Mikhail Khodorkovsky, once Russia's richest man as head of oil giant Yukos, spent 10 years in custody for tax evasion and theft after funding opposition parties.
After asking for clemency because of his mother's serious illness, the fierce critic of the Kremlin was freed suddenly after being given a pardon by President Vladimir Putin.
He was flown to Germany where he announced he would stay out of politics and would not return to Russia unless he was sure he could leave again.
Analysts have suggested that Khodorkovsky was singled out by Mr Putin when he came to power in 2000 as president and set about breaking the hold of the much-loathed oligarchs who had flourished under his predecessor, Boris Yeltsin.
Whatever his influence in business circles, he was never a popular figure with the Russian public, who identified him with the country's chaotic move to a market economy in the 1990s, when tens of millions were left impoverished.
Supporters of Khodorkovsky, 50, seek to portray him as the victim of a gross miscarriage of justice.
Khodorkovsky had made his fortune - estimated by Forbes magazine to be more than $15bn (£9.72bn) - from the controversial privatisation of Soviet state assets.
A native of Moscow and the son of two engineers, he had studied at Mendeleyev Chemistry Institute and began his career as a loyal Soviet-era Communist Party member, running a computer import business under the wing of the party's youth movement (Komsomol) in the 1980s.
In 1987 - four years before the fall of the USSR - he founded what would become Menatep, one of post-Soviet Russia's first private banks.
He made his first millions in the 1990s when the bank acquired massive amounts of shares in companies that were privatised for bargain prices.
Fertiliser firm Apatit was bought in 1994, later becoming the focus of the initial trial against Khodorkovsky and his business partner, Platon Lebedev.
His business empire, prosecutors later claimed, was little short of a gangster operation and Apatit shares were alleged to have been picked up illegally via the use of umbrella companies.
In 1995, Khodorkovsky acquired Yukos at a state auction at the knockdown price of $350m.
It had come close to folding but now Yukos became Russia's second biggest oil company, pumping one in every five barrels the country produced.
It began publishing its accounts to international standards and was soon seen as one of Russia's most transparent, well-run companies with international investors clamouring to own shares.
Khodorkovsky even served as deputy fuel and oil minister during Yeltsin's presidency.
He was first arrested in October 2003 on charges of tax evasion, fraud and embezzlement.
Jailed in 2005 for eight years, he was tried again two years before his release date on further charges of embezzlement and money laundering. He is due for release in August 2014.

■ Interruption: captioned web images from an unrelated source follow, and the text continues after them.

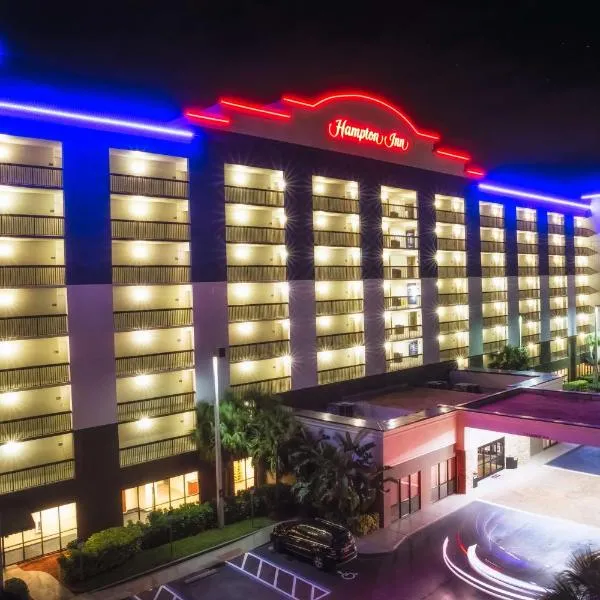 Hampton Inn Cocoa Beach, hotel en Cocoa Beach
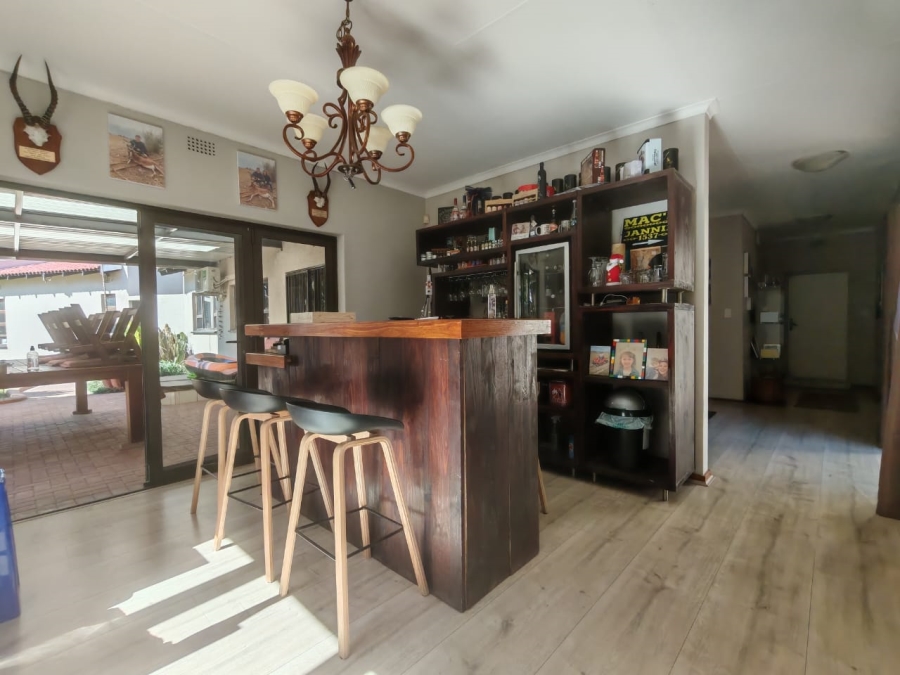 5 Bedroom Property for Sale in Three Rivers East Gauteng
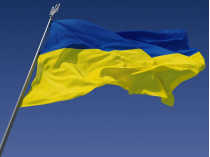 Мужчина прошёлся по набережной Ялты с флагом Украины: что из этого вышло (видео)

His lawyers maintained the charges against him were trumped up, carried out on the orders of senior figures in the Kremlin who objected when his activities strayed into the political arena.

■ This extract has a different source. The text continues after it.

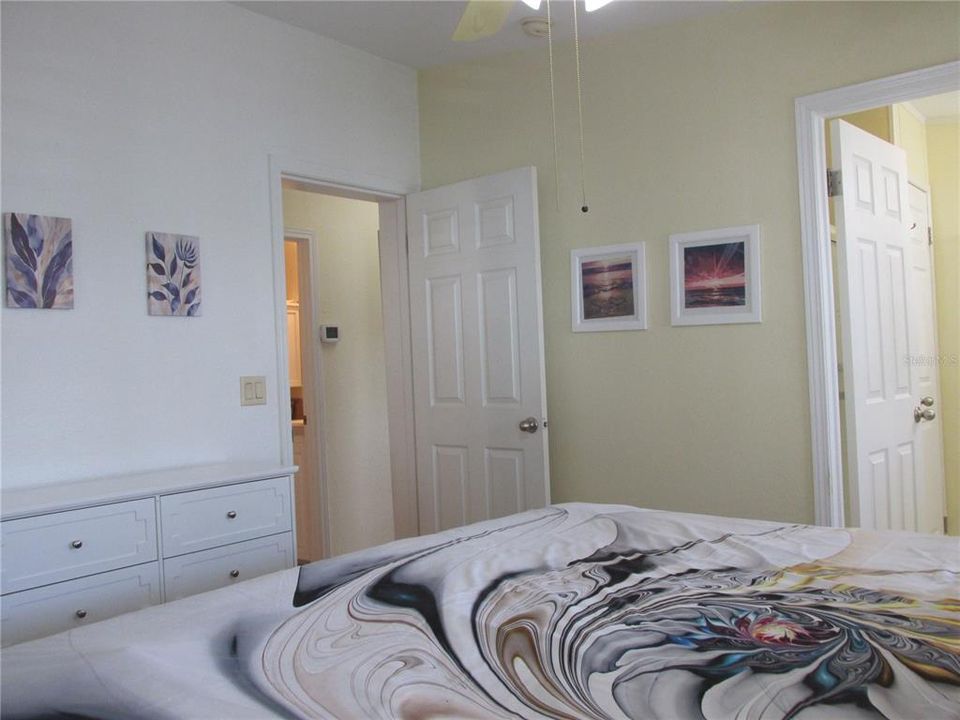 En Venta: $187,000 (2 camas, 2 baños, 1008 Pies cuadrados)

Khodorkovsky had provided funding to nearly all political parties, including the communists, and acquired the rights to publish the prestigious Moskovskiye Novosti newspaper. He also hired a well-known investigative journalist critical of Vladimir Putin.
He had made no secret of his support for the liberal opposition to Mr Putin.

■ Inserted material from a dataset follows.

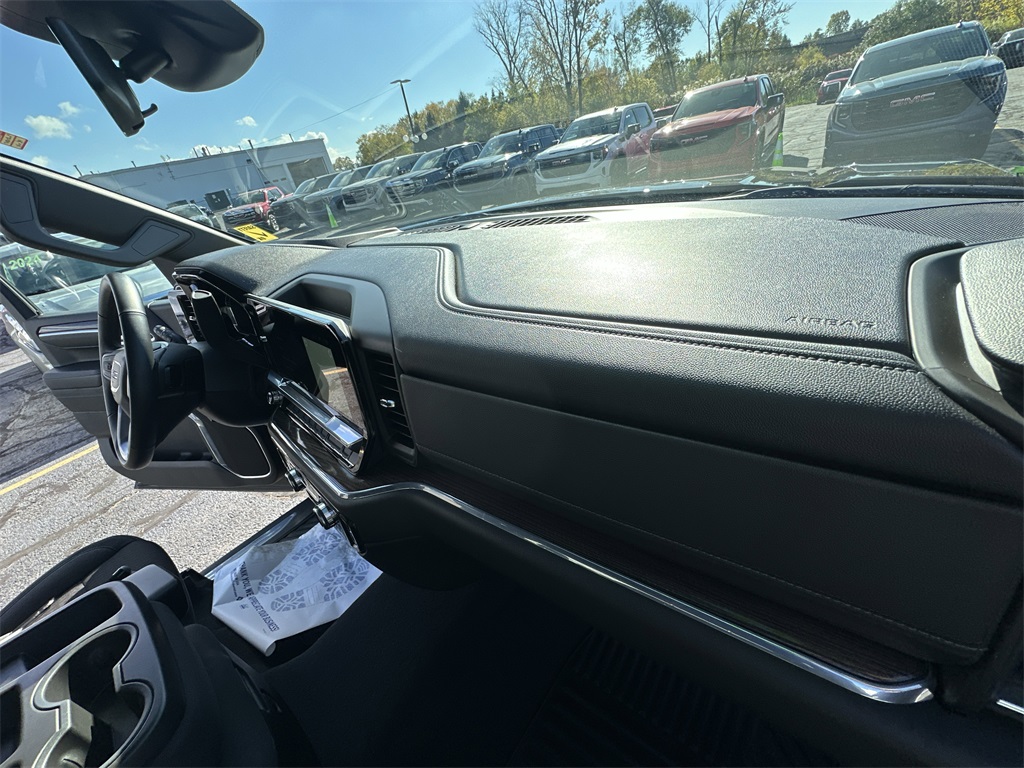 2024 GMC SIERRA - Image 21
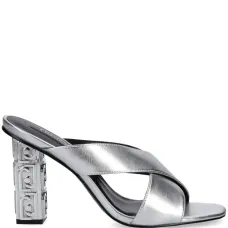 Босоножки на с логотипом каблуке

When asked about Khodorkovsky on live television before the second trial verdict was read out, Mr Putin said simply, "a thief should be in jail".
The European Court of Human Rights also criticised the trials yet rejected claims they were politically motivated.
'Hard to stay strong'
Yukos filed for bankruptcy in 2006 while Khodorkovsky was serving his first sentence at a Soviet-era labour camp in the Chita region of eastern Siberia, 4,700km (3,000 miles) east of Moscow.
He was moved in 2011 to a prison camp in Karelia, near the Finnish border.
In August, when his prison sentence was reduced and an early release date was set for 2013, he continued to insist that the cases against him had been fabricated.
In an address to the court by video link, he argued that the judiciary was being manipulated by politicians.
"Whether we are talking about elections or business affairs or even mutual relations in matters of faith, the words 'a criminal case has been initiated' are key," he said.
In an interview for BBC News earlier this year, Khodorkovsky's mother Marina said: "Because our courts are unfair, it is hard to stay strong. But people need to be honest, tell the truth and speak out. They should not be afraid."
After 10 years in custody, and with his business empire gone, it is questionable how much influence Khodorkovsky would have in Russia again, were he ever to return.